The 2024 National Assembly election recorded 1,768,471 rejected votes out of 61,282,920 polled — a rate of 2.89%, lower than in 2013 and 2018 despite a higher absolute total. Nationwide across all assemblies, 3,611,145 ballots were rejected, the highest combined figure in any Pakistani general election on record. Punjab had the largest absolute provincial total at 1,091,111 rejected ballots, while Balochistan recorded the highest provincial percentage rate at 4.04%. Sindh stood at 3.44% and Khyber Pakhtunkhwa at 2.97%.

Election Context: 2024

Pakistan’s 2024 general elections were held on 8 February 2024. They were the most contested elections in recent memory, marked by the withdrawal of the electoral symbol from Pakistan Tehreek-e-Insaf, the imprisonment of PTI’s founder, and a communications blackout on election day.

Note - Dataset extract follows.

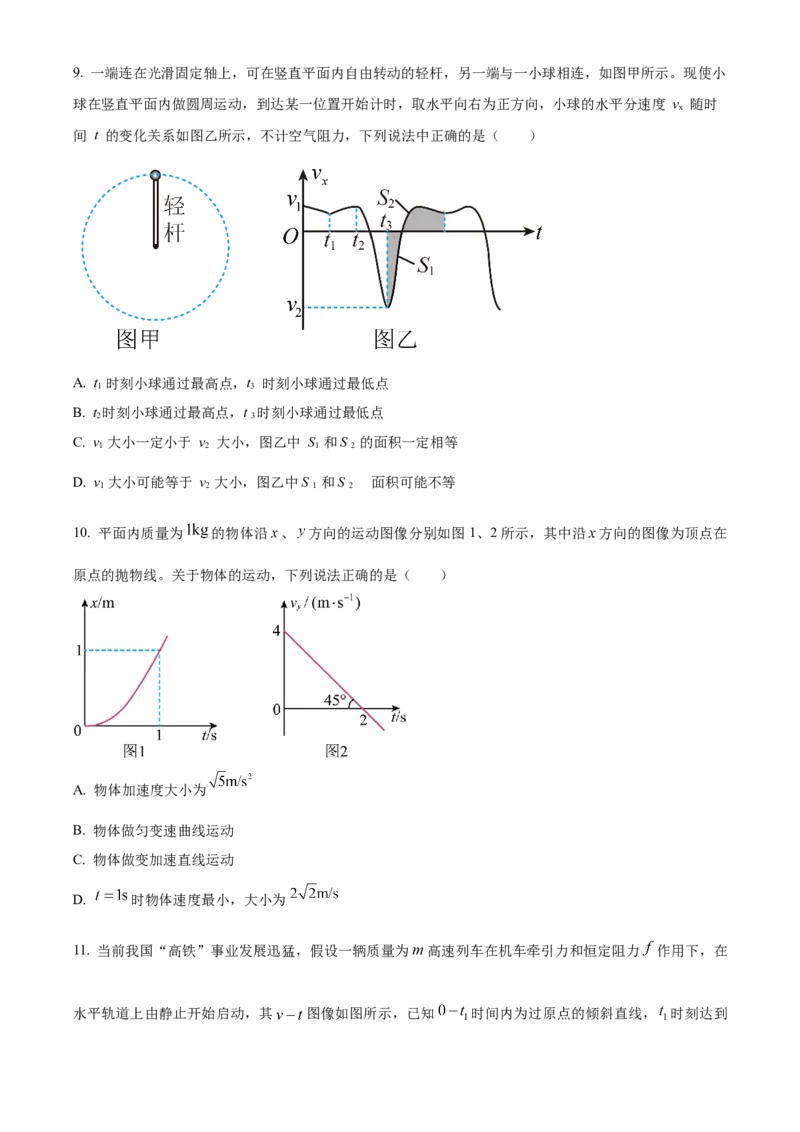 河南省濮阳市第一高级中学2024届高三上学期第三次质量检测物理_2024届河南省濮阳市第一高级中学高三上学期第三次质量检测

Total votes polled for the National Assembly reached 61.3 million — the highest in Pakistan’s electoral history. The 3,611,145 combined rejected ballots across all assemblies set a new absolute record. Despite this, the National Assembly’s percentage rejection rate of 2.89% was lower than in 2013 and 2018, indicating that growth in absolute rejections is substantially driven by the overall expansion of the electorate rather than a deterioration in ballot management alone.

Breakdown — Rejected Ballots

Assembly Rejected Ballots Rejection Rate
National Assembly Election 1,768,471 2.89%
Khyber Pakhtunkhwa Assembly Election 251,939 2.97%
Punjab Assembly Election 1,091,111 2.90%
Sindh Assembly Election 403,519 3.44%
Balochistan Assembly Election 96,105 4.04%

Source: TDEA–FAFEN compiled dataset from Election Commission of Pakistan records.

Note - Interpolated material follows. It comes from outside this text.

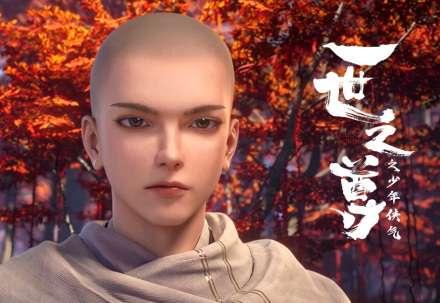 小说《一世之尊》主人公解读: - 知乎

What Is a Rejected Ballot?

A rejected ballot is a ballot paper excluded from the vote count. Polling staff identify and set aside such ballots during the counting process at the polling station. The Returning Officer (RO) then reviews these determinations during the consolidation of results, and the ballot is formally rejected only after that scrutiny. Pakistani electoral procedure specifies four grounds for rejection: the ballot does not bear the presiding officer’s official stamp and signature; it carries any mark or writing beyond the Assistant Presiding Officer’s (APO) official seal and signature; an extraneous paper or material is attached to it; or the voting mark falls simultaneously in the boxes of two candidates in a way that makes it impossible to determine which candidate the voter intended to select.

Rejection does not automatically indicate fraud or deliberate misconduct. Voter error — including accidental double-marking or stamps placed outside the designated box — accounts for a documented share of rejections in every election.